Designing a GraphQL supergraph your AI agents can safely use

14 min read

Seb Potter

Written by

Seb Potter

Strategist

Agents are blocked by interfaces, not intelligence

You could be forgiven for thinking that the hardest problems in agentic commerce live inside the model. The story we tell ourselves is one of ever larger parameter counts, clever new architectures and a steady rise in benchmark scores.

Look a little closer at what happens inside real organisations and a different picture appears. Most teams can produce a convincing agent demo in a week. Give a model a few hand-picked APIs, wrap it in a polished interface, and it will quite happily talk its way through a plausible shopping journey.

The difficulties begin when you try to connect that same agent to the systems that actually run the business. Product data sits in several places at once. Prices live under their own set of rules. Stock, entitlement, tax, promotions and fulfilment all have their own APIs, their own failure modes and their own interpretations of what a “product” or an “order” really is.

In that environment, an agent does not meet a clean digital twin of your organisation. It meets a collection of historical compromises. If you let it roam freely across those boundaries, you are not only asking it to understand user intent. You are also asking it to reconcile a fragmented domain model, in real time, with no guarantees about what is safe to do.

This article looks at another direction. Instead of wiring agents directly to dozens of microservices or SaaS platforms, you design a single, typed GraphQL supergraph that represents your commerce domain. Human channels and internal tools use this graph first. AI agents become just another client. Orchestration, safety and compliance remain in a deterministic platform layer that you own, where they can be reasoned about, tested and changed in the open.


GraphQL as the AI surface: why the schema matters

Large language models work with text, but not only with the kind that reads well in a sentence. They handle structured formats confidently, as long as the structure is consistent and well defined. This is where GraphQL starts to matter as an interface for agents.

A GraphQL API comes with something most REST ecosystems never quite manage: a complete, machine-readable description of itself. Through introspection, a client can ask the API what types exist, which fields they expose and which arguments they expect. For a model, this is the difference between guessing at a private language and being handed a grammar.
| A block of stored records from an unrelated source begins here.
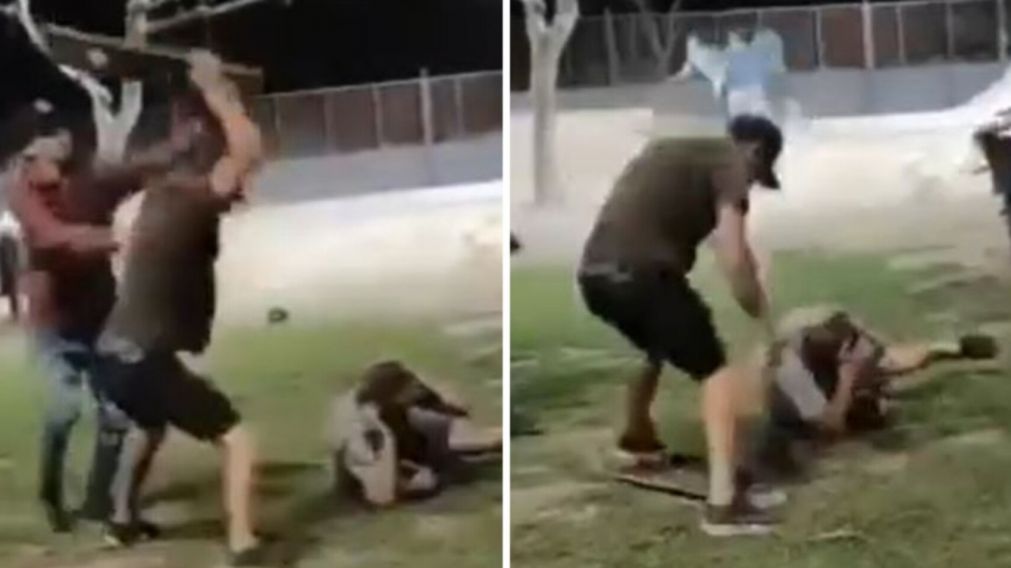 Una patota atacó a un joven y lo golpeó con un skate en la cabeza (Imagen captura vídeo).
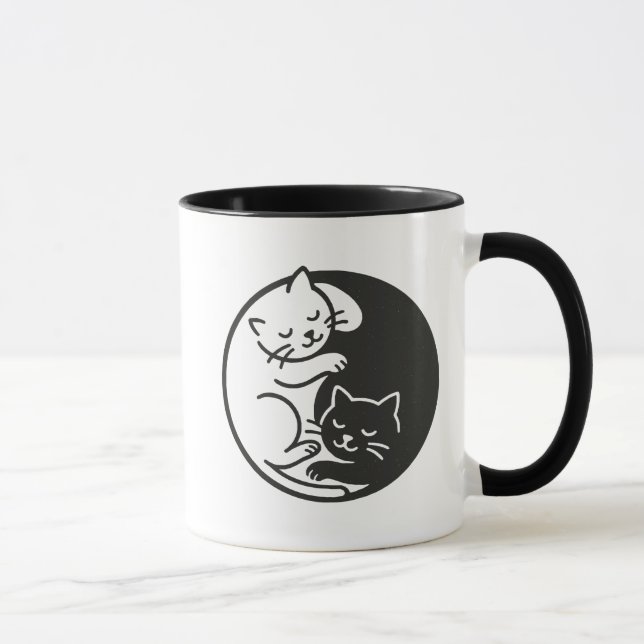 Yin Yang Cats Tasse (Rechts)
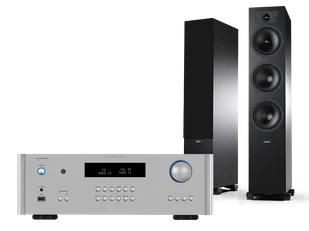 Rotel RA-1572 MkII (srebrny) + Tesi 6 (czarny) - Zestawy stereo - miniaturka - grafika 1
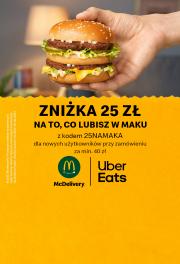 Katalog McDonald's | 25 zł zniżki na Maka dla nowych userów UberEats! | 26.10.2022 - 29.01.2023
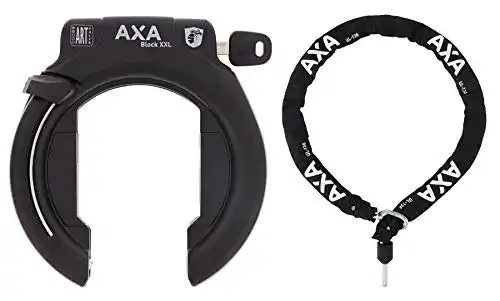 Rahmenschloss mit Kette .AXA Block XXL Fahrrad Ringschloss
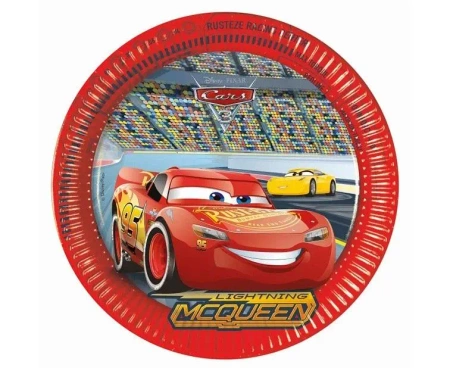 Talerzyki papierowe Cars 3 Disney 23cm 8szt - Godan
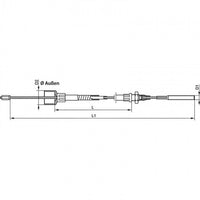 Bremsseil Knott, HL 1230 mm, Glocke Ø 22 mm/M8, passend für Nieper, Schlegl SKB9-18-B&B Shop - 2000 Stockerau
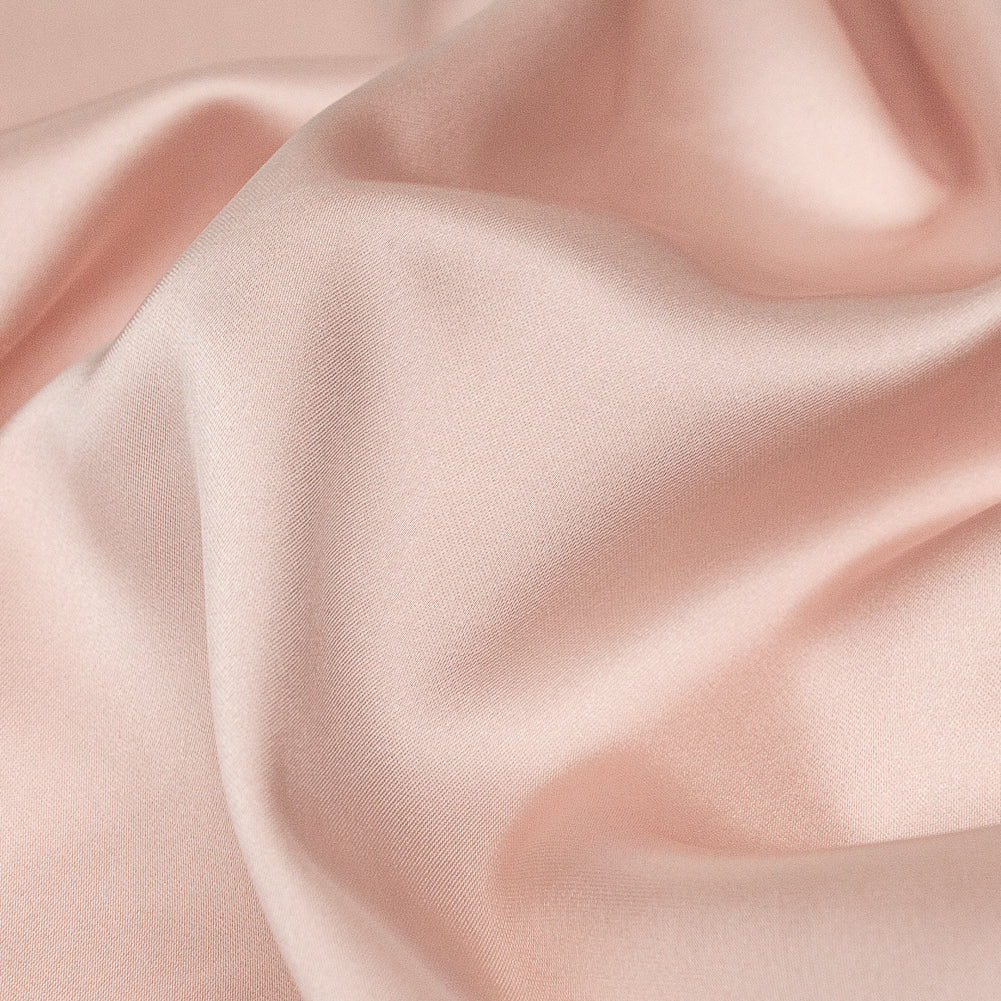 Jessica Dusty Pink Stretch Satin
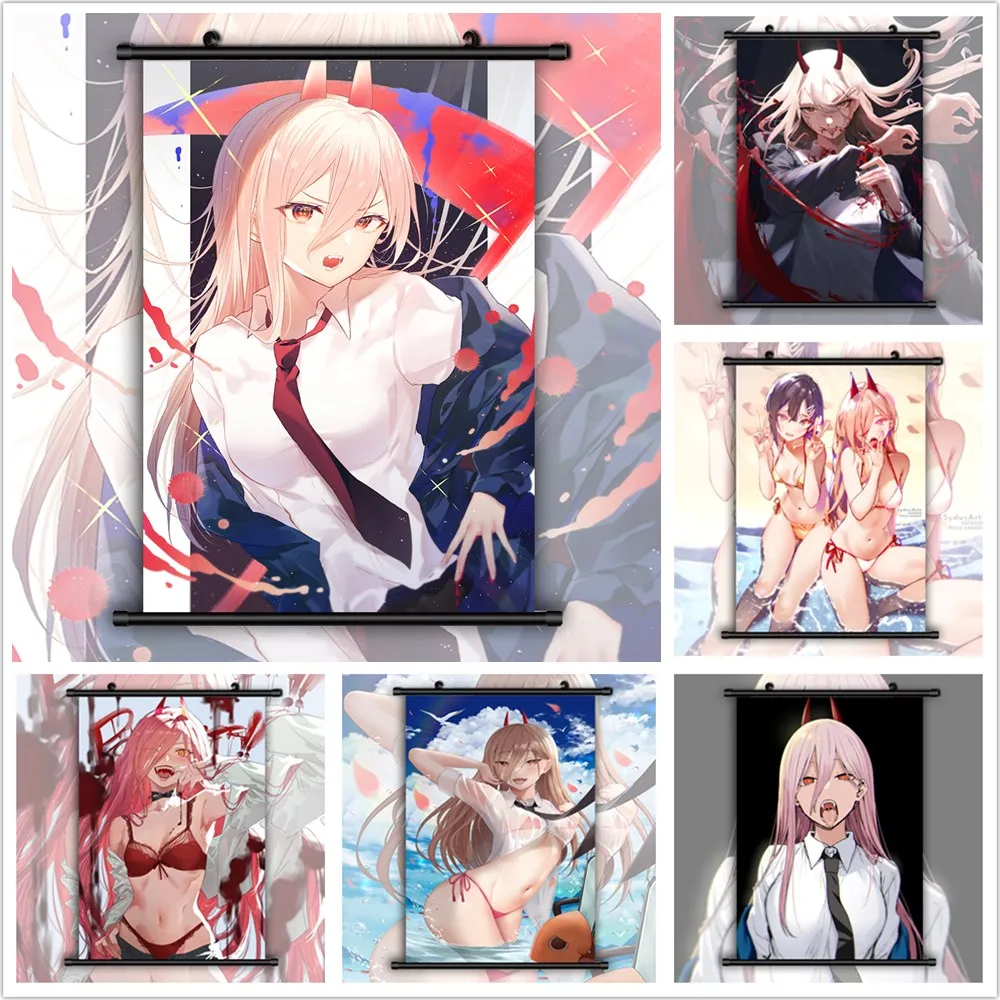 

Бензопила человек HD Печать баннер стена плакат свиток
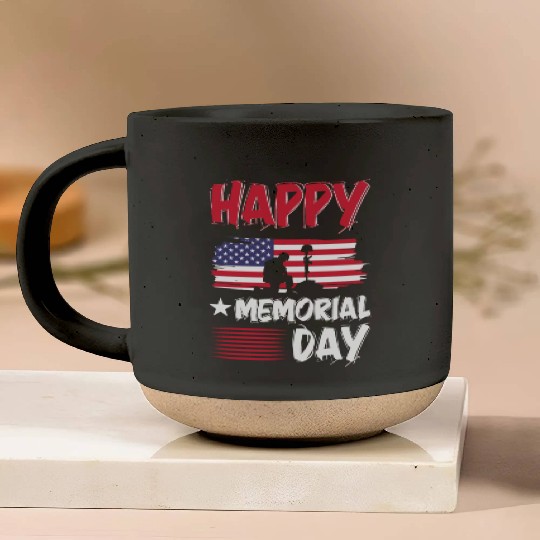 Memorial day Pottery Mugs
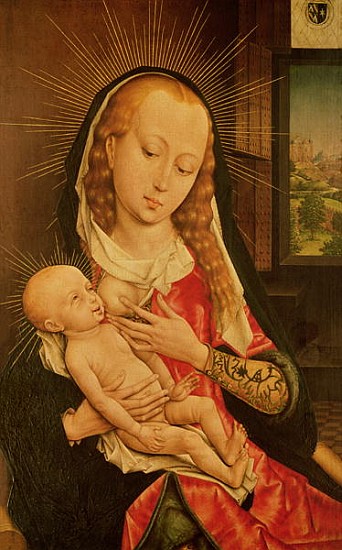 Virgin and Child von Rogier van der Weyden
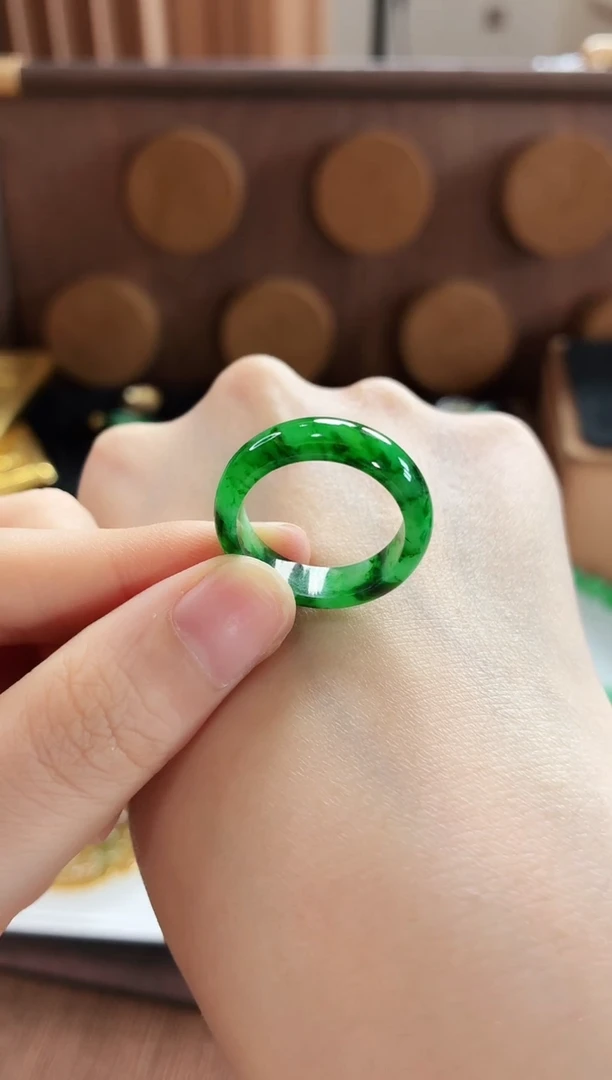 翡翠戒指未镶嵌手饰 16圈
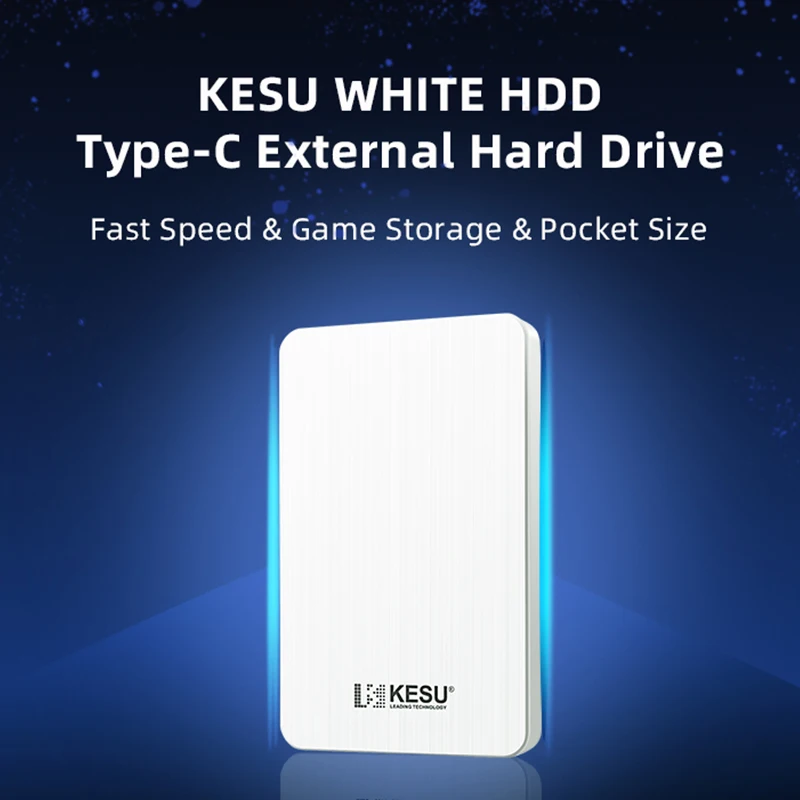 New KESU-2519 External HDD portable mobile hard disk 1TB Type C USB 3.1 High Compatible with PC/Mac/Desktop/Laptop/MacBook/Xbox
New KESU-2519 External HDD portable mobile hard disk 1TB Type C USB 3.1 High Compatible with PC/Mac/Desktop/Laptop/MacBook/Xbox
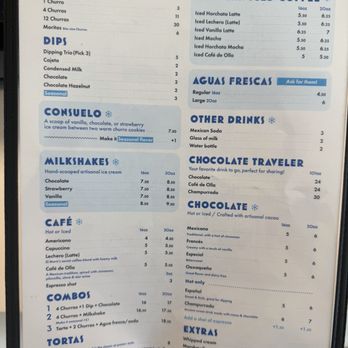El Moro - Menu pt1 - Desserts Near Me - Los Angeles, California El Moro - Menu pt1 - Desserts Near Me - Los Angeles, California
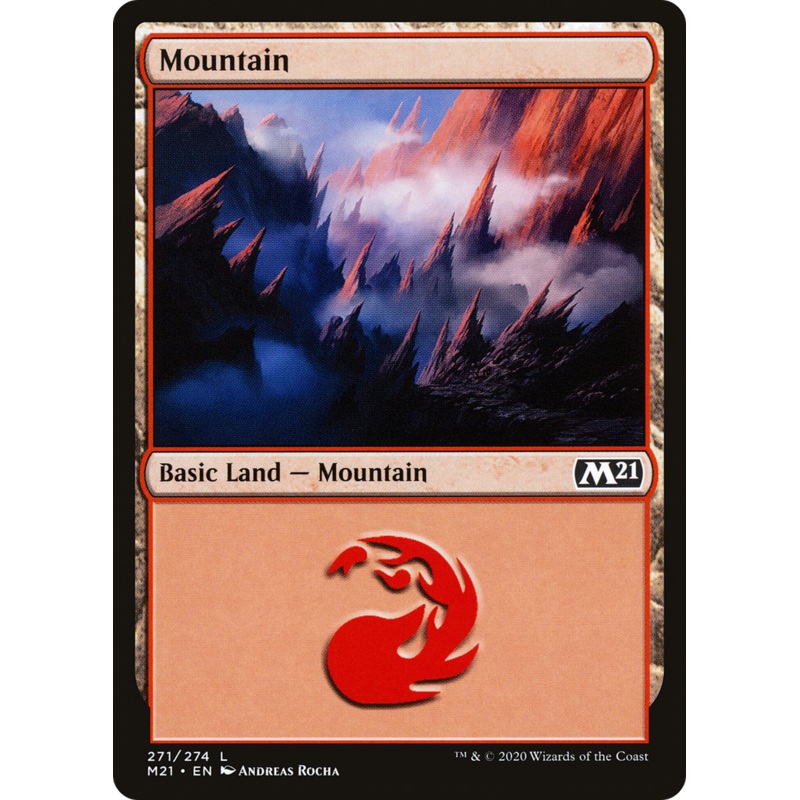 Mountain (M21-271) - Core Set 2021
In a typical composable stack, the picture is messier. Commerce, PIM, search, pricing and content systems each describe products and customers in their own way. One API talks about SKUs, another about articles, a third about catalogue items. From a human engineer's point of view, those differences are manageable. For an agent that has to act quickly and safely, they are a source of avoidable confusion.

A supergraph lets you normalise this view. You choose to have a single Product type, a single Price, a single Customer, whether the underlying data comes from one system or several. Relationships between them are expressed as fields in the schema instead of hand-written glue in every client. A Basket contains LineItems. Each LineItem refers to a Product. A Price has a value and a currency. The schema becomes the shared vocabulary for how your organisation talks about itself.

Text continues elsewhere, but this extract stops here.